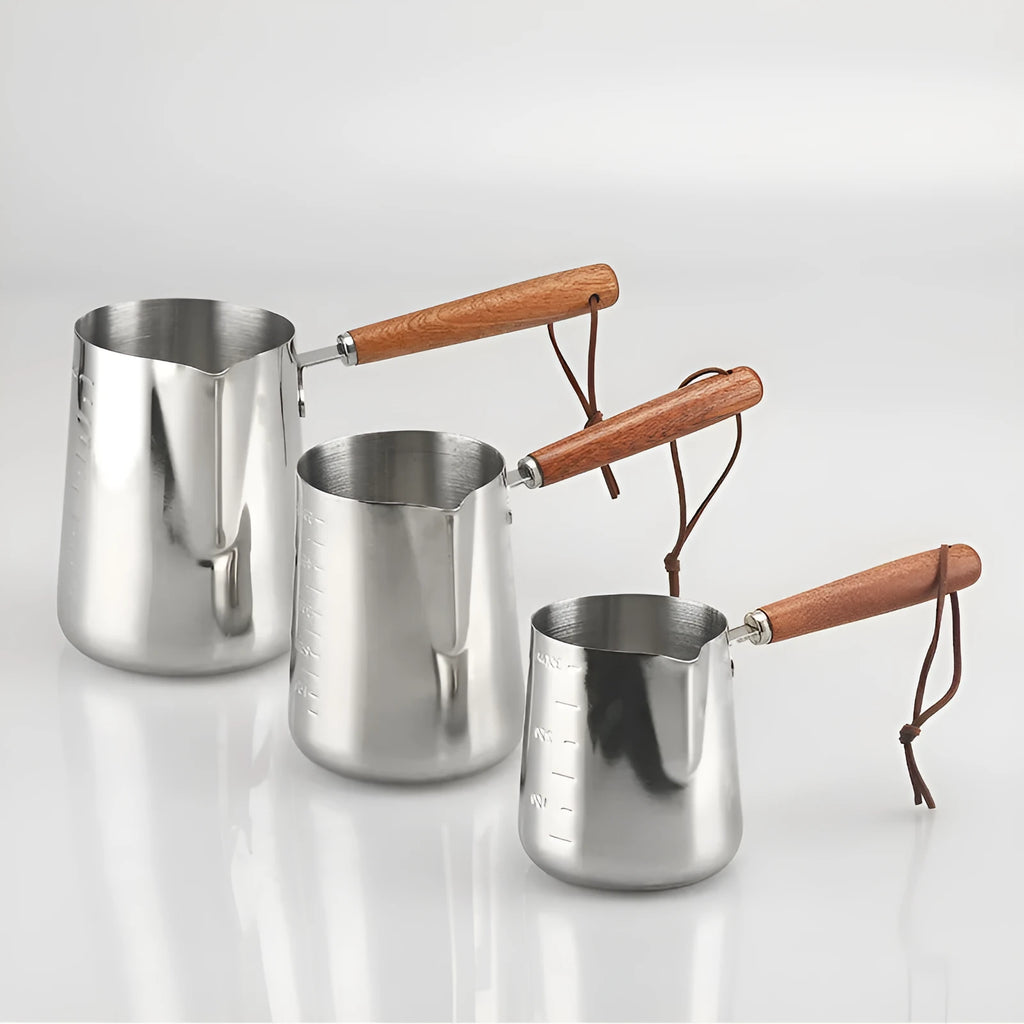 Stainless steel coffee cup with wooden handle showing interior measurement scale for latte art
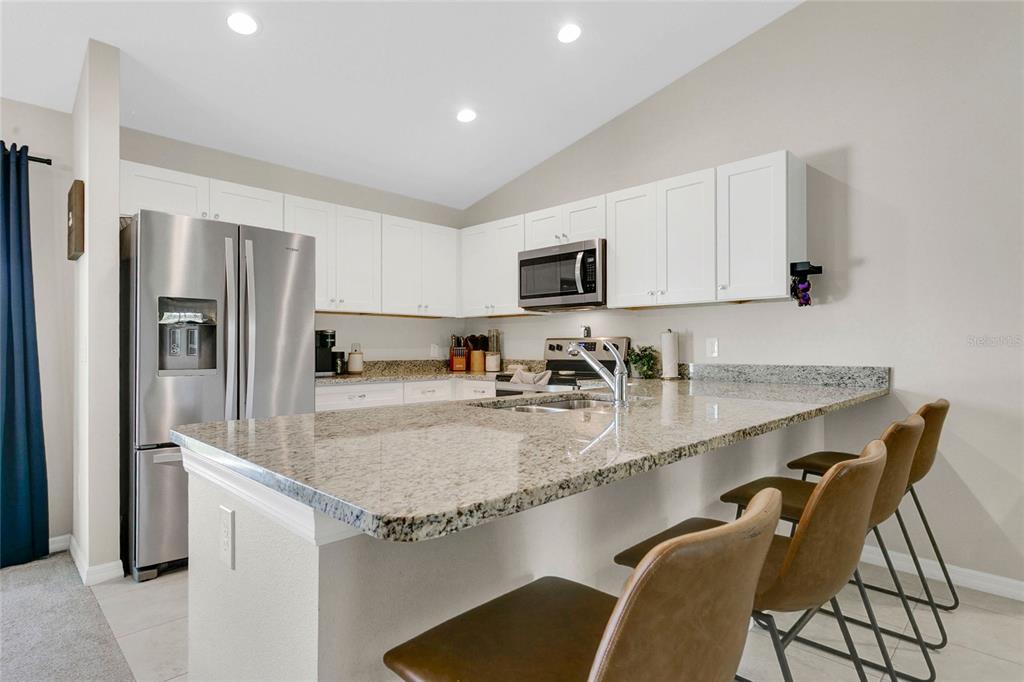 A kitchen with white cabinets and stainless steel appliances opens to a dining area — 1725 NE 160TH PLACE, CITRA, FL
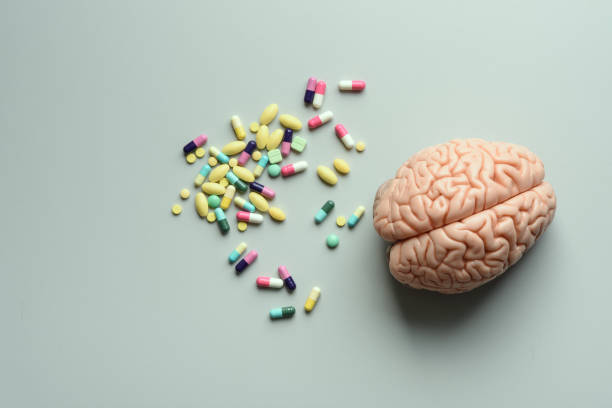 Colorful medicine in tablets and capsules with brain model on table stock photo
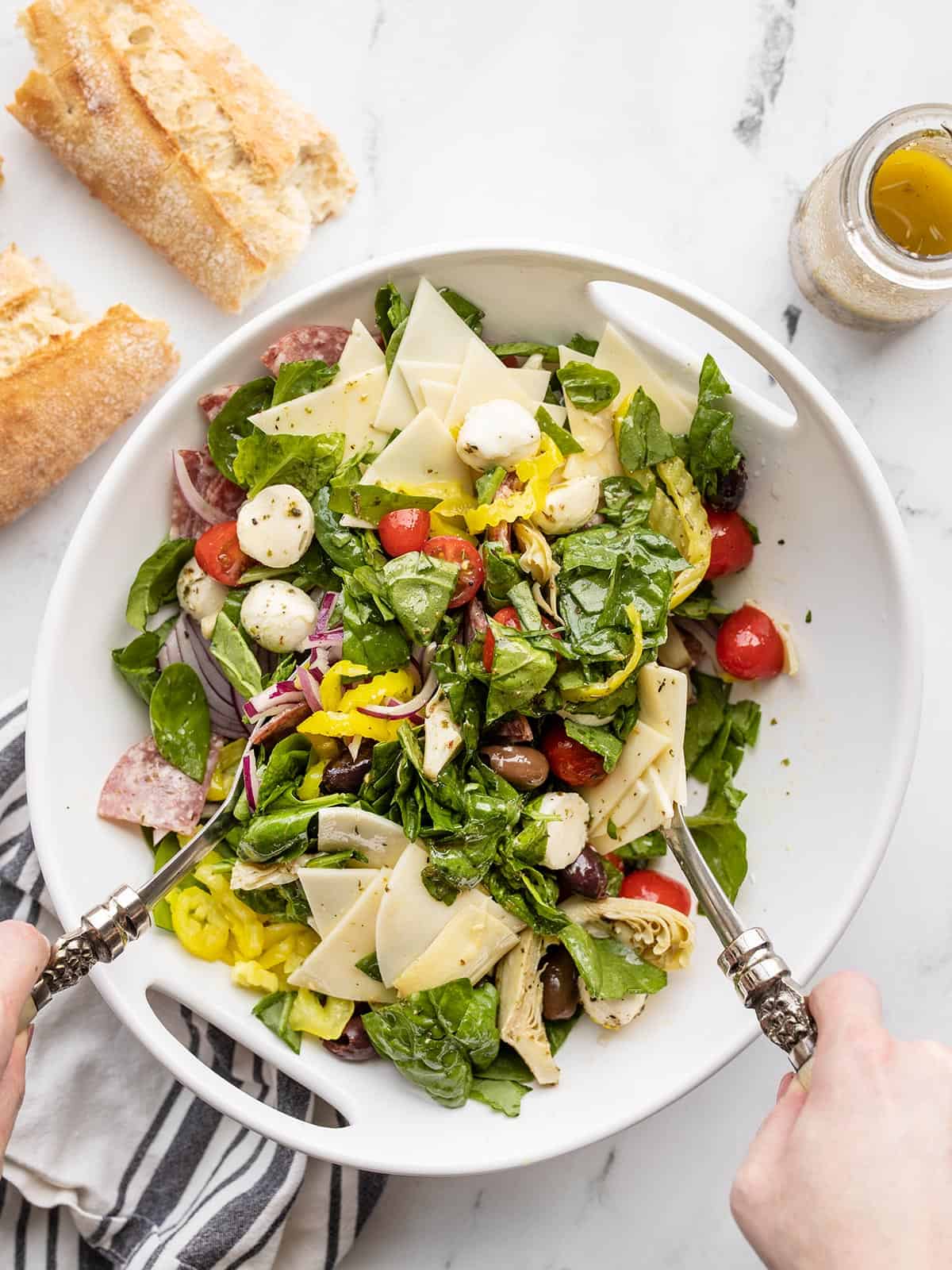 Antipasto salad being tossed with metal salad tongs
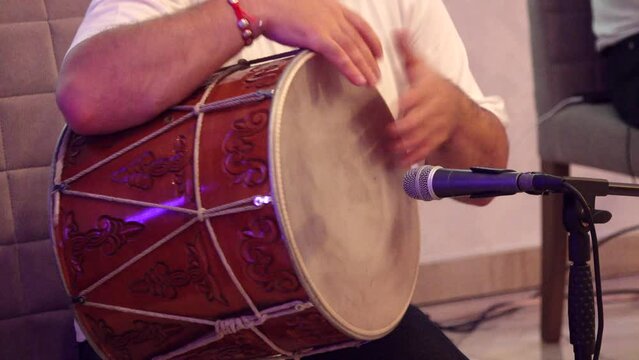 Nizhny Novgorod, Russia, Kazanskoye shosse 29, 08.31.2023. The musician plays the Armenian drum. Dhol, Armenian percussion instrument. High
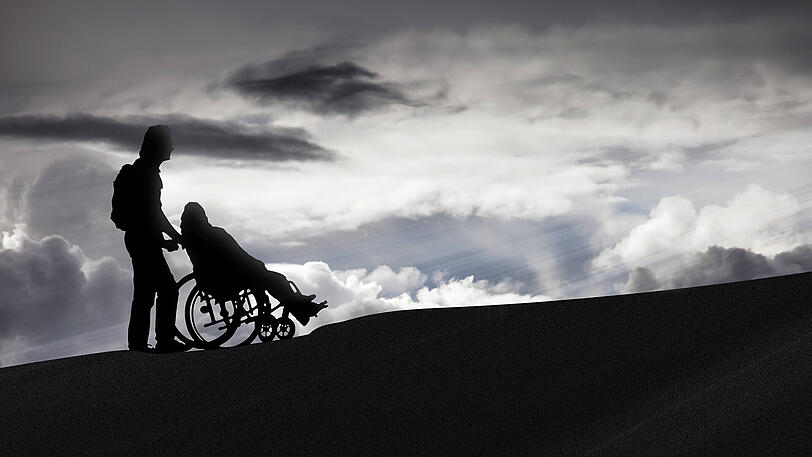 Eine Pflegekraft schiebt einen Patienten mit dem Rollstuhl auf einen Berg &ndash; eine schöne Idee, für die die meisten Pfleger jedoch keine Zeit haben dürften. Jetzt haben Union und SPD mehr Personal angekündigt.
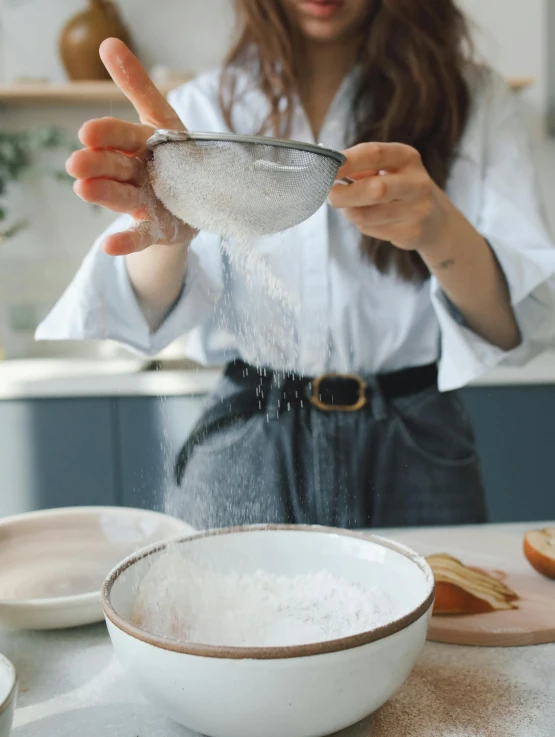 a woman is sprinkling flour into a bowl, inspired by Yukimasa Ida, trending on unsplash, portrait image, gif, full frame image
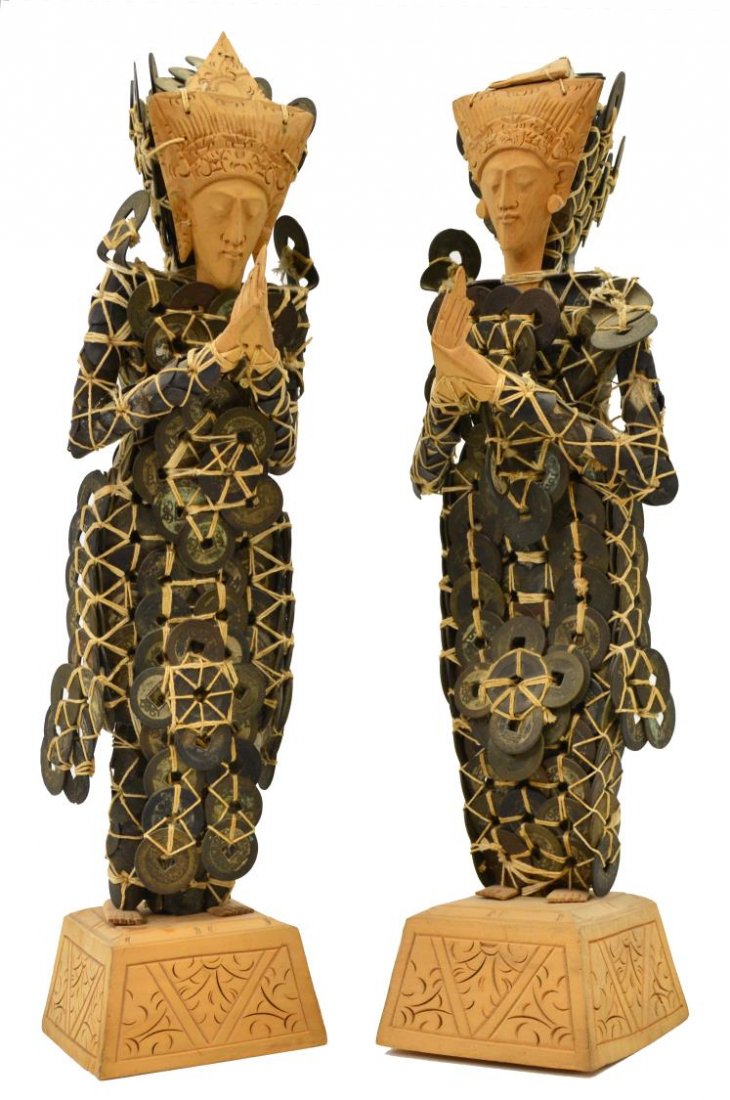 (2) SOUTHEAST ASIAN CARVED WOOD & COIN FIGURES: (pair) Antique Southeast Asian figures, each with carved wood face, hands and feet, body fashioned from tied Chinese coins, standing on a carved plinth, approx 15.25"h, 6.5lbs total Start Price: $50.0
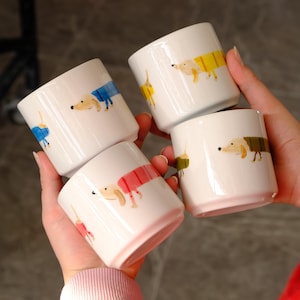Könnte beinhalten: Vier weiße Keramikbecher mit einem Dackel-Design. Jeder Becher zeigt einen unterschiedlich farbigen Mantel auf dem Hund: blau, gelb, rot und grün. Die Becher werden in den Händen einer Person gehalten.
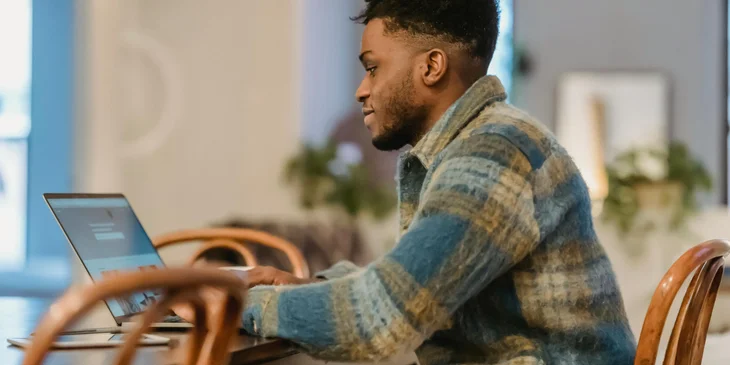 A man working on his laptop.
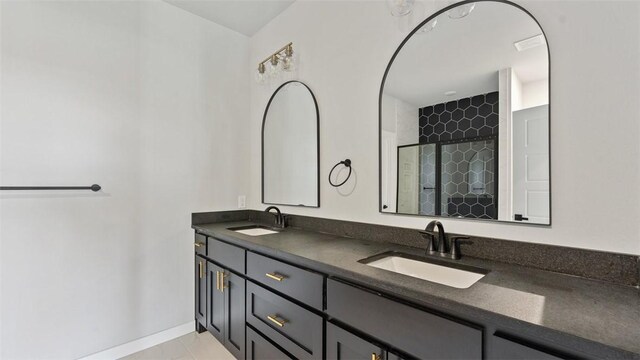 bathroom featuring tile patterned flooring, a shower with shower door, and vanity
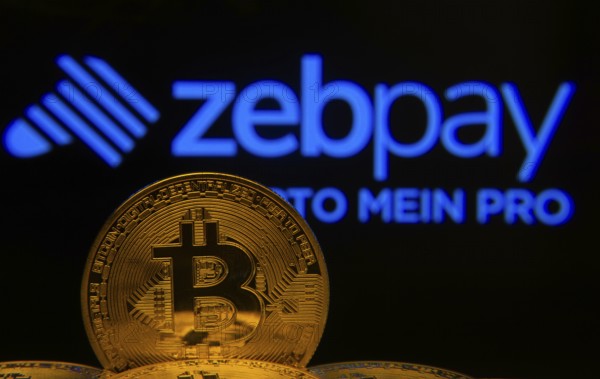 Dhaka, Bangladesh- 04 April 2025: Close-up of Bitcoin coins with the ZebPay logo visible on a screen in the background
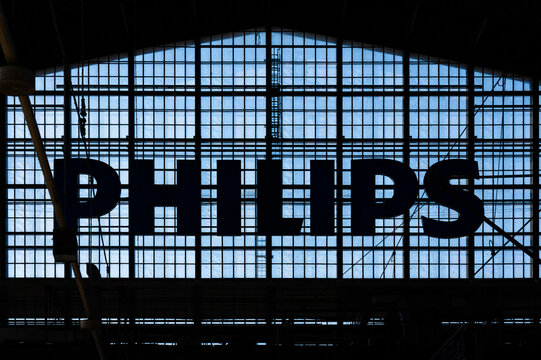 Hamburg, Germany - July 1, 2025: Silhouette of the sign of Philips company in the railway station of Hamburg.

**EXERCISE DESCRIPTION**:
Without any pictures, output exactly the lines from the start of the material through the line that contains "Dhaka, Bangladesh- 04", and only those.

**WRITTEN RESPONSE**:
 Stainless steel coffee cup with wooden handle showing interior measurement scale for latte art
 A kitchen with white cabinets and stainless steel appliances opens to a dining area — 1725 NE 160TH PLACE, CITRA, FL
 Colorful medicine in tablets and capsules with brain model on table stock photo
 Antipasto salad being tossed with metal salad tongs
 Nizhny Novgorod, Russia, Kazanskoye shosse 29, 08.31.2023. The musician plays the Armenian drum. Dhol, Armenian percussion instrument. High
 Eine Pflegekraft schiebt einen Patienten mit dem Rollstuhl auf einen Berg &ndash; eine schöne Idee, für die die meisten Pfleger jedoch keine Zeit haben dürften. Jetzt haben Union und SPD mehr Personal angekündigt.
 a woman is sprinkling flour into a bowl, inspired by Yukimasa Ida, trending on unsplash, portrait image, gif, full frame image
 (2) SOUTHEAST ASIAN CARVED WOOD & COIN FIGURES: (pair) Antique Southeast Asian figures, each with carved wood face, hands and feet, body fashioned from tied Chinese coins, standing on a carved plinth, approx 15.25"h, 6.5lbs total Start Price: $50.0
Könnte beinhalten: Vier weiße Keramikbecher mit einem Dackel-Design. Jeder Becher zeigt einen unterschiedlich farbigen Mantel auf dem Hund: blau, gelb, rot und grün. Die Becher werden in den Händen einer Person gehalten.
 A man working on his laptop.
 bathroom featuring tile patterned flooring, a shower with shower door, and vanity
 Dhaka, Bangladesh- 04 April 2025: Close-up of Bitcoin coins with the ZebPay logo visible on a screen in the background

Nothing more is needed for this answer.